> **The task**: Starting with the opening line of the material, restate every line word for word, and end on the line containing "Інформаційна табличка".

> **Source records**:
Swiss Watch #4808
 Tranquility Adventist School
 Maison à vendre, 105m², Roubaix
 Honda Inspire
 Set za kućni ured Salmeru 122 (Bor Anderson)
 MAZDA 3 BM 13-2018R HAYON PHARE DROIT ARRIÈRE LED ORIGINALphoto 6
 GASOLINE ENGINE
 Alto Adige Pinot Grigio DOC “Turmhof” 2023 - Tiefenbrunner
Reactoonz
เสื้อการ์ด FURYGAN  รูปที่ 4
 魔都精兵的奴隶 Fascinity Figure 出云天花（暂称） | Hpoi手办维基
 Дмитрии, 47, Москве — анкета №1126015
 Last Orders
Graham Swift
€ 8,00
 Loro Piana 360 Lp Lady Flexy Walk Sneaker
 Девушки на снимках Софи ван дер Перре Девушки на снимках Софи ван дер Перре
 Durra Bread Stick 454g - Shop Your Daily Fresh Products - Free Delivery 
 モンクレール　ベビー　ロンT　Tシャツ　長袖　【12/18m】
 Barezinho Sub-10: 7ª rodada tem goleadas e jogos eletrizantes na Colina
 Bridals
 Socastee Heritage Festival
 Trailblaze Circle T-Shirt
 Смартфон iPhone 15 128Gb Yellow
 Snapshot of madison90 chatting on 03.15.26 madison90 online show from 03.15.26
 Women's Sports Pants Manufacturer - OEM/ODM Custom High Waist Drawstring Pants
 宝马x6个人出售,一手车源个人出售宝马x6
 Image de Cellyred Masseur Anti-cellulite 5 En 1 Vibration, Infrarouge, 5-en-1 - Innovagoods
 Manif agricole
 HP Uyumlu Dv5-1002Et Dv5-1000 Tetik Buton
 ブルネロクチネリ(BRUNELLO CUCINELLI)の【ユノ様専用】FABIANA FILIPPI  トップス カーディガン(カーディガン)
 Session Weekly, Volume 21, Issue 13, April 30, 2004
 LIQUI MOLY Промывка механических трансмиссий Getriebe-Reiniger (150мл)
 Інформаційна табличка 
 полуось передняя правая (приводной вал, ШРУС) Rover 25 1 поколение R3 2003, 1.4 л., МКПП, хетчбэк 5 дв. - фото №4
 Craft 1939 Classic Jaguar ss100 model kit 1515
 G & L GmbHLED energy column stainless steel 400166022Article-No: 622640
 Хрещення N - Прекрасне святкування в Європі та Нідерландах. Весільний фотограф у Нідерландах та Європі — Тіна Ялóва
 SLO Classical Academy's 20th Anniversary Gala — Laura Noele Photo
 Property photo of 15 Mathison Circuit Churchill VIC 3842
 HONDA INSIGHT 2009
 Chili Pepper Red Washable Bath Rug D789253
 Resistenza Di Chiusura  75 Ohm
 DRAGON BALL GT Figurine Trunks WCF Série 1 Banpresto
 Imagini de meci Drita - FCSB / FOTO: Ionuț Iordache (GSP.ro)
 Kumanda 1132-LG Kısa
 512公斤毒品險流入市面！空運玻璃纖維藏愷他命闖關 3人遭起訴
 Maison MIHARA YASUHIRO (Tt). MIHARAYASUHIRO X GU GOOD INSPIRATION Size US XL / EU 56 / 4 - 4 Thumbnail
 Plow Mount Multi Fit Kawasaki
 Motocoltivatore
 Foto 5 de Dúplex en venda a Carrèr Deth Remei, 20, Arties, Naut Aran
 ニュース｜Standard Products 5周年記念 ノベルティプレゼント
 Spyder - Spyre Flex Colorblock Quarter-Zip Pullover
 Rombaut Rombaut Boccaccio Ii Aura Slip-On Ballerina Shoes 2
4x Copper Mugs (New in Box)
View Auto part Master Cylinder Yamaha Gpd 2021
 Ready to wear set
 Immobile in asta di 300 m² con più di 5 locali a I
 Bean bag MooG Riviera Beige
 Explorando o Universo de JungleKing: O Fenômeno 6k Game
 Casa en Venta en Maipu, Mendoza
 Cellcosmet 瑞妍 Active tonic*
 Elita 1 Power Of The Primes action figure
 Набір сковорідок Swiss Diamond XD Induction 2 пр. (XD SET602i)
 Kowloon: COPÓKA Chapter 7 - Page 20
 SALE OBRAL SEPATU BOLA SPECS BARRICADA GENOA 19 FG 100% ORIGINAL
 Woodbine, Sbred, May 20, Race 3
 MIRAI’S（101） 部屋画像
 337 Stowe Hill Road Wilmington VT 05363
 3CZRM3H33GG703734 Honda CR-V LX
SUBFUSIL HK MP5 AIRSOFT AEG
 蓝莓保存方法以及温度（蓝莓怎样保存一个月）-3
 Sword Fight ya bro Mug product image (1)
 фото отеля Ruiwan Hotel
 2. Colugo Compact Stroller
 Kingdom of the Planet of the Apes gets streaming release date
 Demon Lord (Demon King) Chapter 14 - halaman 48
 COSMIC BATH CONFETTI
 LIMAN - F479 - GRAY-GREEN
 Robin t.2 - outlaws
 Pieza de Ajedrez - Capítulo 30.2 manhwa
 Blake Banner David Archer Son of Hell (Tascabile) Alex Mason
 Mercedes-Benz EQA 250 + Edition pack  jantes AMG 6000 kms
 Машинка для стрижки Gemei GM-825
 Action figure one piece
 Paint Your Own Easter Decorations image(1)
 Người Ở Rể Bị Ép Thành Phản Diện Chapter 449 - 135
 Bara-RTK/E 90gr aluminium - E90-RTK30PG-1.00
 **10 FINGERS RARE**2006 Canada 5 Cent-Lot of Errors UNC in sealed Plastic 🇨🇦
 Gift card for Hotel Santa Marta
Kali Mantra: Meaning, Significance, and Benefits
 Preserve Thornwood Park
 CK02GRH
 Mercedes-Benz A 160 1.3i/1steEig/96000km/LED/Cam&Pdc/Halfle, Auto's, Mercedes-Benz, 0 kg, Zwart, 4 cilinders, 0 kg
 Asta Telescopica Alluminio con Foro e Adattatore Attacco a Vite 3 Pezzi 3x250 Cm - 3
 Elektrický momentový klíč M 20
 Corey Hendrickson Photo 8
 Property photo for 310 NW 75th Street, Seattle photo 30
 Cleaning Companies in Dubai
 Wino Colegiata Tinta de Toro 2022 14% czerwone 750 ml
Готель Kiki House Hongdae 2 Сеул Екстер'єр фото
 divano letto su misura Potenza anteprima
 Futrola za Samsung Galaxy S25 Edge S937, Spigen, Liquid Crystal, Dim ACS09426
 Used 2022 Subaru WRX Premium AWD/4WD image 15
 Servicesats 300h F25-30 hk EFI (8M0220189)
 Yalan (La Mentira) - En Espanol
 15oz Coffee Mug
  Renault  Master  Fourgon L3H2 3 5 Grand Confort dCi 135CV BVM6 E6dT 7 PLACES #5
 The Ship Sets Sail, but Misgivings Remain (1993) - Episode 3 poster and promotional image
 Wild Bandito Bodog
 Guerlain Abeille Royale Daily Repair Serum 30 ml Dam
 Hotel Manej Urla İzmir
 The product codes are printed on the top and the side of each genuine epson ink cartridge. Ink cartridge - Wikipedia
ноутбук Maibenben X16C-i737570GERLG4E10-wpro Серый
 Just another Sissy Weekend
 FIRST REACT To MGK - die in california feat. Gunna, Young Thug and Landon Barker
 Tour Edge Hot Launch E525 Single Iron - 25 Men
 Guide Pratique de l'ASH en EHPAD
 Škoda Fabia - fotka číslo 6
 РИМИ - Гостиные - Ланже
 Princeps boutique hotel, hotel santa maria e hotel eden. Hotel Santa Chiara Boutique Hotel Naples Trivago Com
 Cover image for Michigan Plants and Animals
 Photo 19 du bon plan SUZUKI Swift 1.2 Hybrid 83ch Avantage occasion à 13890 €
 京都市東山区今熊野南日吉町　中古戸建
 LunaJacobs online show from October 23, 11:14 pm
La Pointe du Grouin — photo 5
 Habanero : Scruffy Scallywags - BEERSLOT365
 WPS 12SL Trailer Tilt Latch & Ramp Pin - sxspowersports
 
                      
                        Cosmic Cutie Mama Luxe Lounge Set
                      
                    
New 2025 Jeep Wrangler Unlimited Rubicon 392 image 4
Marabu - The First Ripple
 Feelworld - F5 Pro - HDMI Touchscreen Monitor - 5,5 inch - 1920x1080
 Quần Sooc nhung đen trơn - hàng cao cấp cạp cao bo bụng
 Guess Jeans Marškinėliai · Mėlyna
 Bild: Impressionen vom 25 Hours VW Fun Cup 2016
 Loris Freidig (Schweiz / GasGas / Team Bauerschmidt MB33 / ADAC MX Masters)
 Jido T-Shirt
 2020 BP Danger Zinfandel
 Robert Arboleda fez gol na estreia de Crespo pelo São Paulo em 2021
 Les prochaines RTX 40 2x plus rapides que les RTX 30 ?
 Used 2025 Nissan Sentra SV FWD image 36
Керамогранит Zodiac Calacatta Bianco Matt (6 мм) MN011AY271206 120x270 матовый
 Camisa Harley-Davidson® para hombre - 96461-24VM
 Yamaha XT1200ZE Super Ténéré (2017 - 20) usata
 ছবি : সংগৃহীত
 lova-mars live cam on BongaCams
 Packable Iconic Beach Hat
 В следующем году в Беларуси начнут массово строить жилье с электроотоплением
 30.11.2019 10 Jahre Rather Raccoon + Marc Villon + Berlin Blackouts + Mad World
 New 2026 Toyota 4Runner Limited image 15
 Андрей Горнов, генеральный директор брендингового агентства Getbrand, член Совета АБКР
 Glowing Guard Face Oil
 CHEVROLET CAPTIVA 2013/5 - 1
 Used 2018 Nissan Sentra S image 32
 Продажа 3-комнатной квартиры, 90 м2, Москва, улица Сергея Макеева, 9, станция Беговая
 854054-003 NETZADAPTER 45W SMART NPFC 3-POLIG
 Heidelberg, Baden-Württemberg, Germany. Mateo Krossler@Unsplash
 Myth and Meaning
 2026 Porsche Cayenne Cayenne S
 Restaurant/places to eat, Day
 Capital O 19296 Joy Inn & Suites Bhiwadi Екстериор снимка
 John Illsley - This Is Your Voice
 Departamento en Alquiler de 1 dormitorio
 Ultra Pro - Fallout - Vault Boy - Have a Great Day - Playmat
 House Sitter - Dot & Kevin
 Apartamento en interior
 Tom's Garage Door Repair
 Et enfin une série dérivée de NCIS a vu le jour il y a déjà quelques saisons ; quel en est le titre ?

> **Task solution**:
Swiss Watch #4808
 Tranquility Adventist School
 Maison à vendre, 105m², Roubaix
 Honda Inspire
 Set za kućni ured Salmeru 122 (Bor Anderson)
 MAZDA 3 BM 13-2018R HAYON PHARE DROIT ARRIÈRE LED ORIGINALphoto 6
 GASOLINE ENGINE
 Alto Adige Pinot Grigio DOC “Turmhof” 2023 - Tiefenbrunner
Reactoonz
เสื้อการ์ด FURYGAN  รูปที่ 4
 魔都精兵的奴隶 Fascinity Figure 出云天花（暂称） | Hpoi手办维基
 Дмитрии, 47, Москве — анкета №1126015
 Last Orders
Graham Swift
€ 8,00
 Loro Piana 360 Lp Lady Flexy Walk Sneaker
 Девушки на снимках Софи ван дер Перре Девушки на снимках Софи ван дер Перре
 Durra Bread Stick 454g - Shop Your Daily Fresh Products - Free Delivery 
 モンクレール　ベビー　ロンT　Tシャツ　長袖　【12/18m】
 Barezinho Sub-10: 7ª rodada tem goleadas e jogos eletrizantes na Colina
 Bridals
 Socastee Heritage Festival
 Trailblaze Circle T-Shirt
 Смартфон iPhone 15 128Gb Yellow
 Snapshot of madison90 chatting on 03.15.26 madison90 online show from 03.15.26
 Women's Sports Pants Manufacturer - OEM/ODM Custom High Waist Drawstring Pants
 宝马x6个人出售,一手车源个人出售宝马x6
 Image de Cellyred Masseur Anti-cellulite 5 En 1 Vibration, Infrarouge, 5-en-1 - Innovagoods
 Manif agricole
 HP Uyumlu Dv5-1002Et Dv5-1000 Tetik Buton
 ブルネロクチネリ(BRUNELLO CUCINELLI)の【ユノ様専用】FABIANA FILIPPI  トップス カーディガン(カーディガン)
 Session Weekly, Volume 21, Issue 13, April 30, 2004
 LIQUI MOLY Промывка механических трансмиссий Getriebe-Reiniger (150мл)
 Інформаційна табличка 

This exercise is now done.